RDKit Feature Request

Is it possible to have a RDKit Molecule PhysChem Calculator node which will return key PChem properties such as Molecular Weight, cLogP, cLogD, Polar Surface Area, Hydrogen Bond Acceptors, Hydrogen Bond Donors, Heavy Atom Count, Number of sp2 carbons, Number of sp3 carbons, Number of Heteroatoms, Number of Rotatable Bonds. These would be really handy, and save converting molecules into another format to get these properties (and no node will gather ALL these properties directly), and then convert back to RDKit again. If it was possible it would be really powerful to have some predictors around CYP inhibition, and Thermodynamic Solubility too, these are common features a medicinal chemist wants to find out about.
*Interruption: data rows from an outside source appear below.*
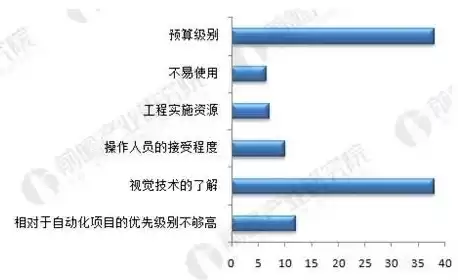 计算机视觉现状及未来趋势，计算机视觉趋势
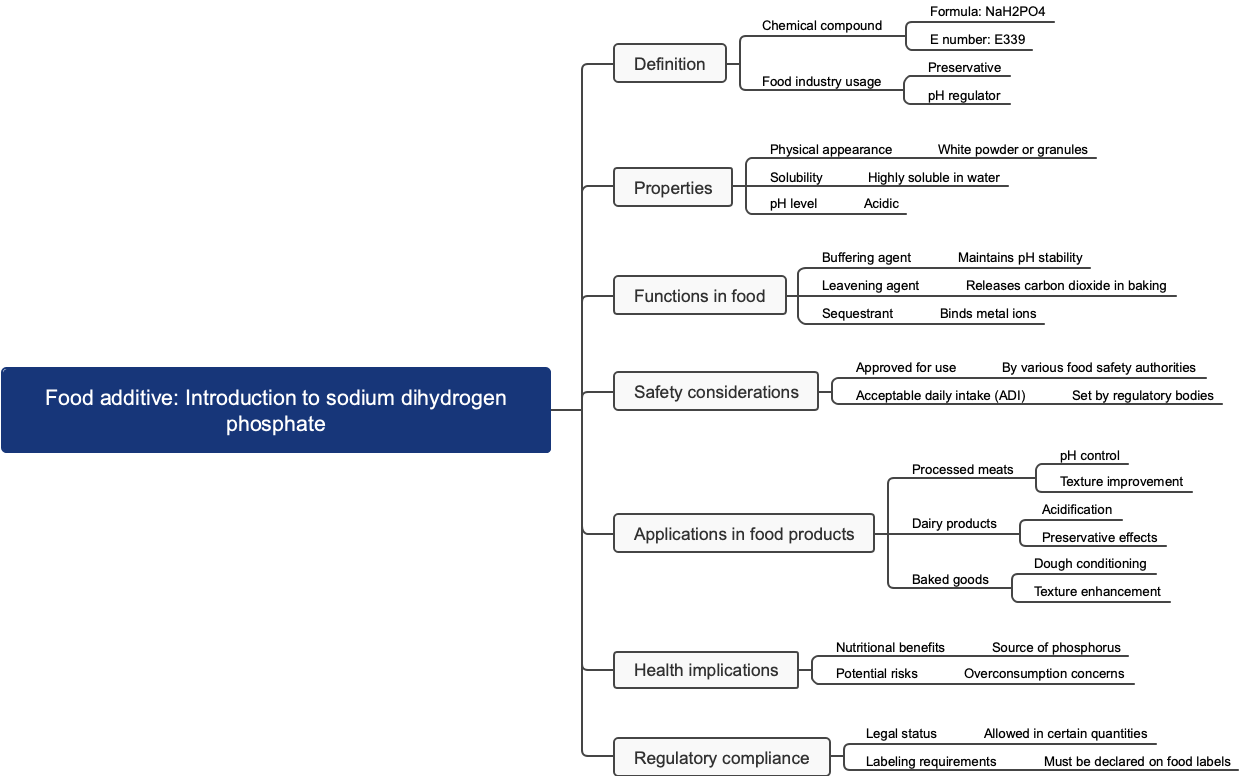 Food additive: Introduction to sodium dihydrogen phosphate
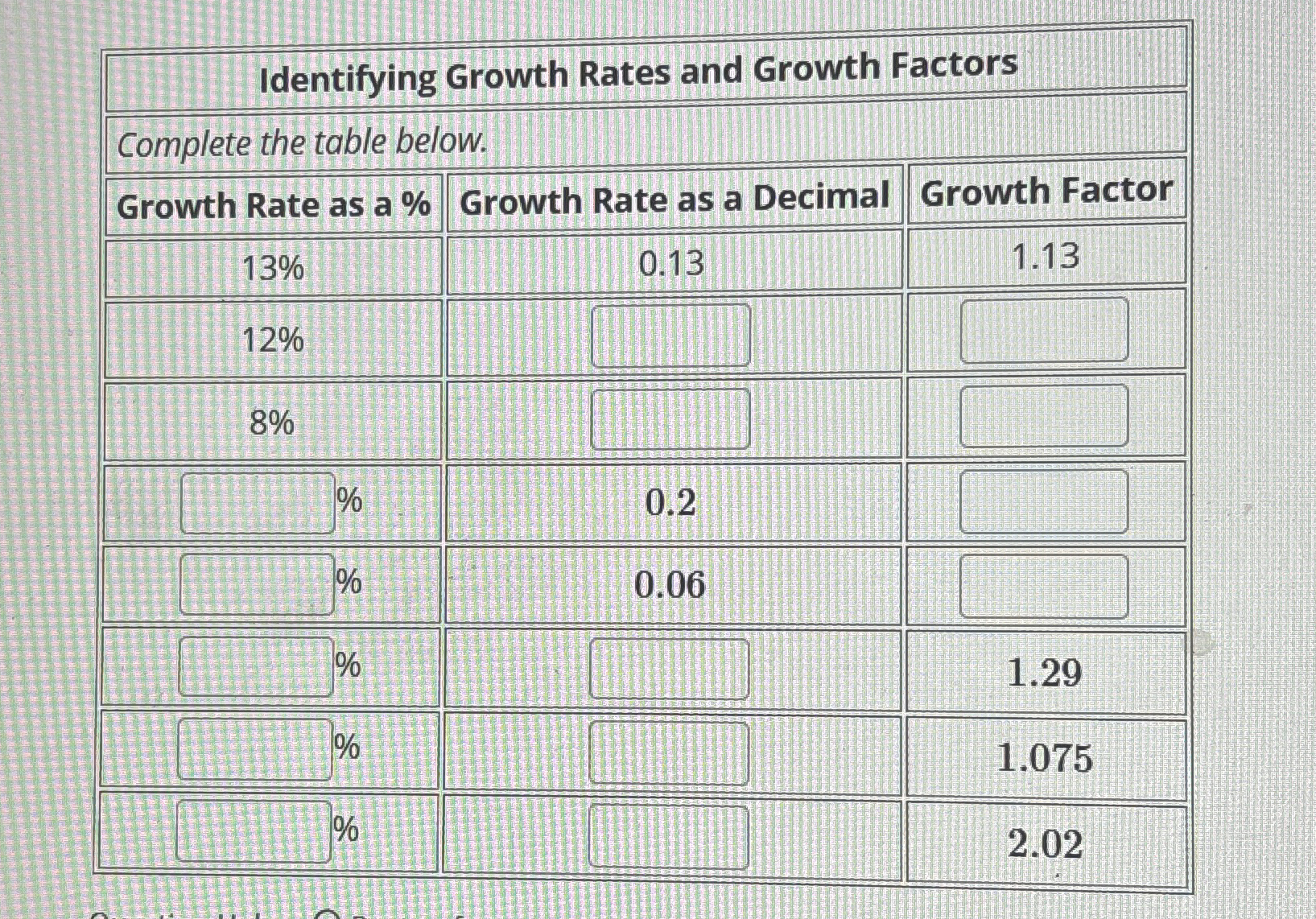Solved \table[[Identifying Growth Rates and Growth | Chegg.com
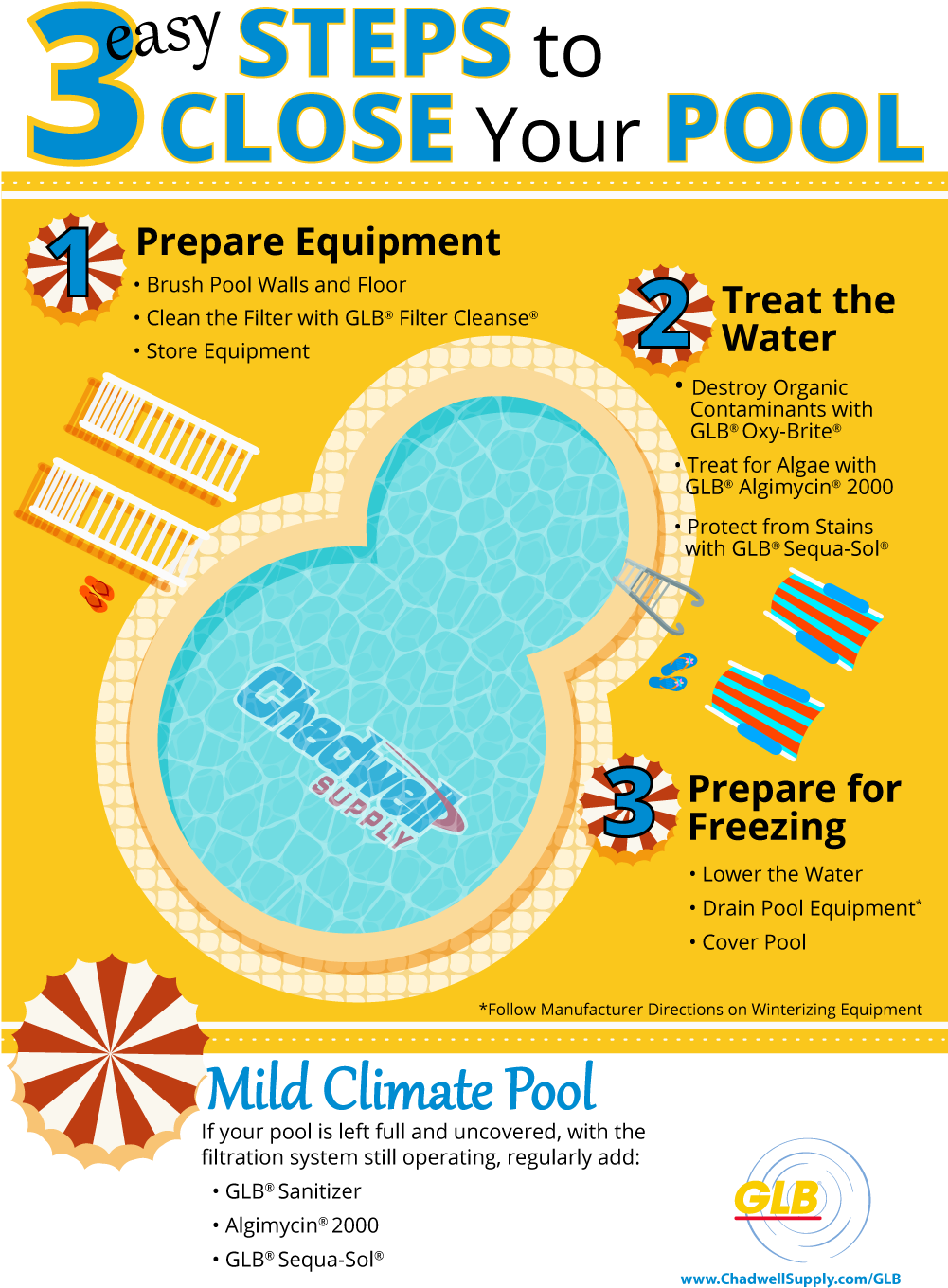 First, Prepare The Equipment - Chadwell Supply (1000x1420), Png Download
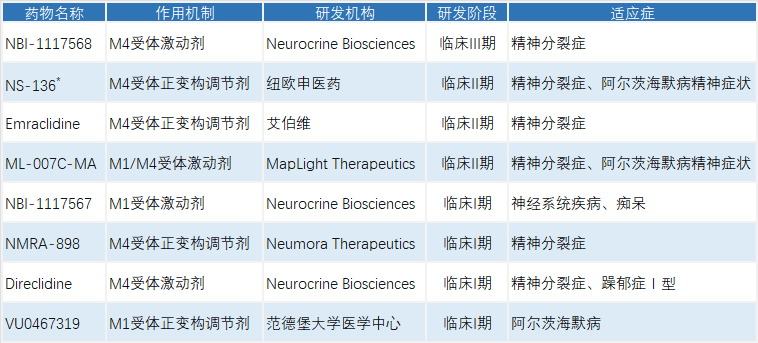 解码毒蕈碱受体，驱动神经精神新药研发(图3)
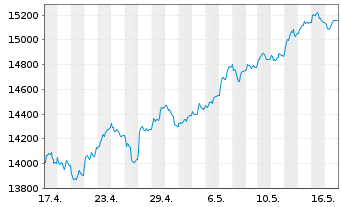 Chart SDAX®-Werte - 1 Monat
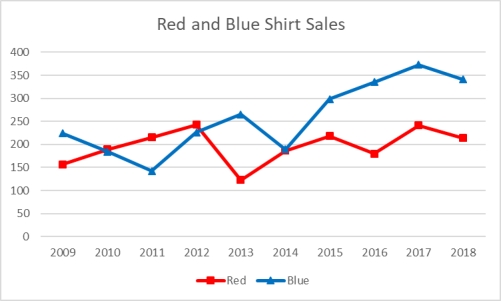 A shirt production company has tracked their sales of red and blue shirts over the past few years.The graph of both is shown below.   Which of the following is a true statement about the trends in sales? A) Sales of red shirts are less than those of blue shirts in all the years before 2012. B) Sales of blue shirts are trending upward from 2014 to 2017. C) Sales of blue shirts are always higher than those of red shirts. D) Red shirt sales show an increasing trend. E) Sales of red shirts are always higher than those of blue shirts.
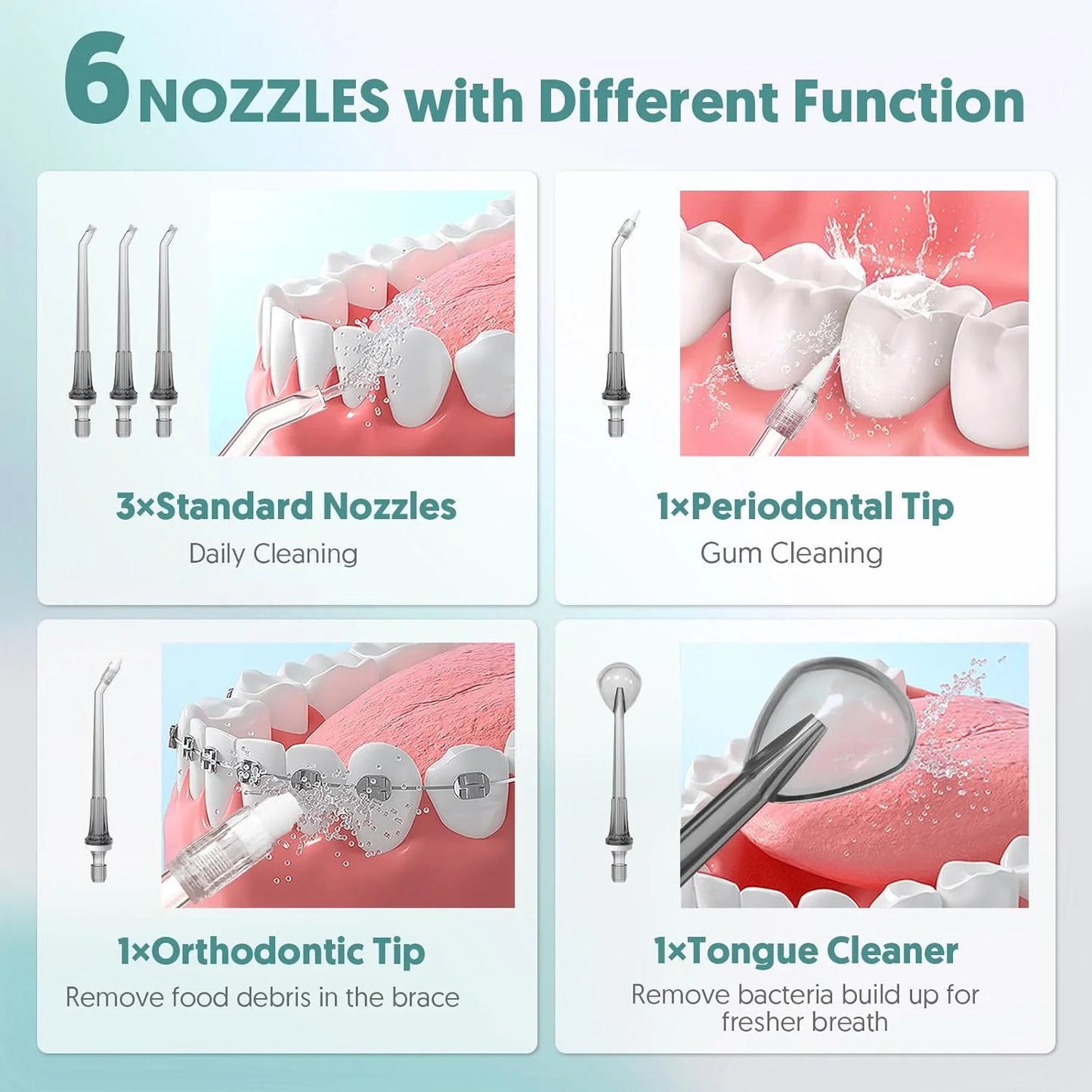 Sejoy Water Flosser Dental Oral Irrigator Water flossers for Teeth USB Rechargeable Waterproof Portable Cordless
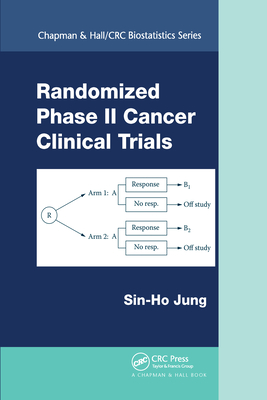 Randomized Phase II Cancer Clinical Trials - Jung, Sin-Ho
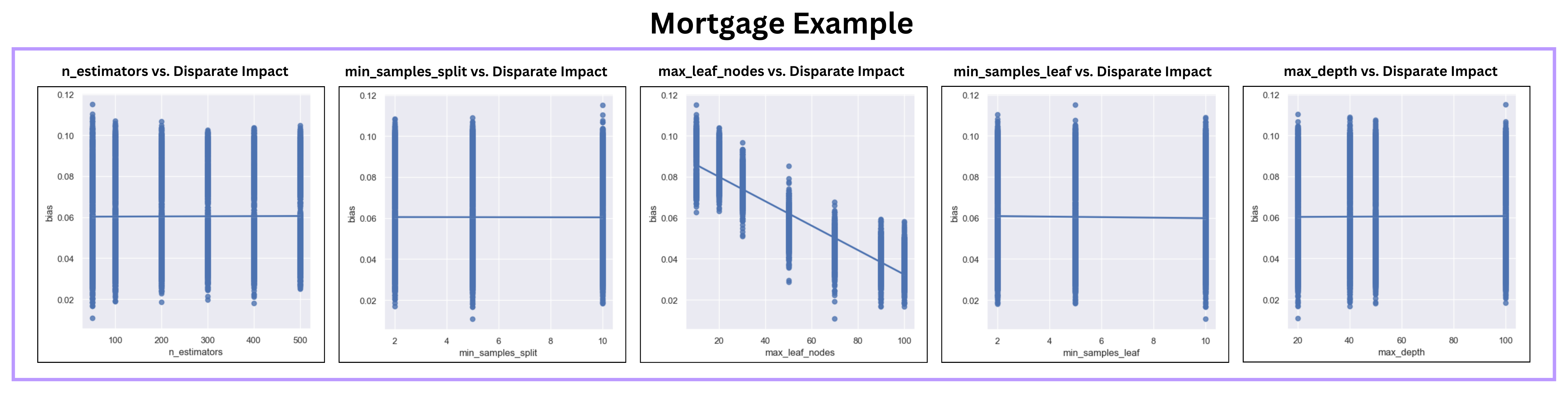 A table showing plot_params results for Mortgage example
Adding a node that allows access to the RDKit descriptor calculators is on the ToDo list.

To explain why it hasn’t happened yet I have to get into a bit of technical detail. The RDKit has a pretty broad selection of descriptors available – http://code.google.com/p/rdkit/wiki/DescriptorsInTheRDKit – but many of them are implemented in Python. In order for the calculators to be accessible from Knime, they need to be available in the RDKit’s Java wrapper, which means they have to be implemented in C++. So the python-based descriptors would have to be re-written in C++. This is work that would pay off in more than just Knime (for example it would allow access to the functions from the RDKit’s database cartridge), but it’s still some work.

In the near(ish) term it probably makes sense to go ahead and do the descriptor-calculator node for Knime starting with the limited set of descriptors that are available now and then add to the list as more calculators are moved from Python -> C++.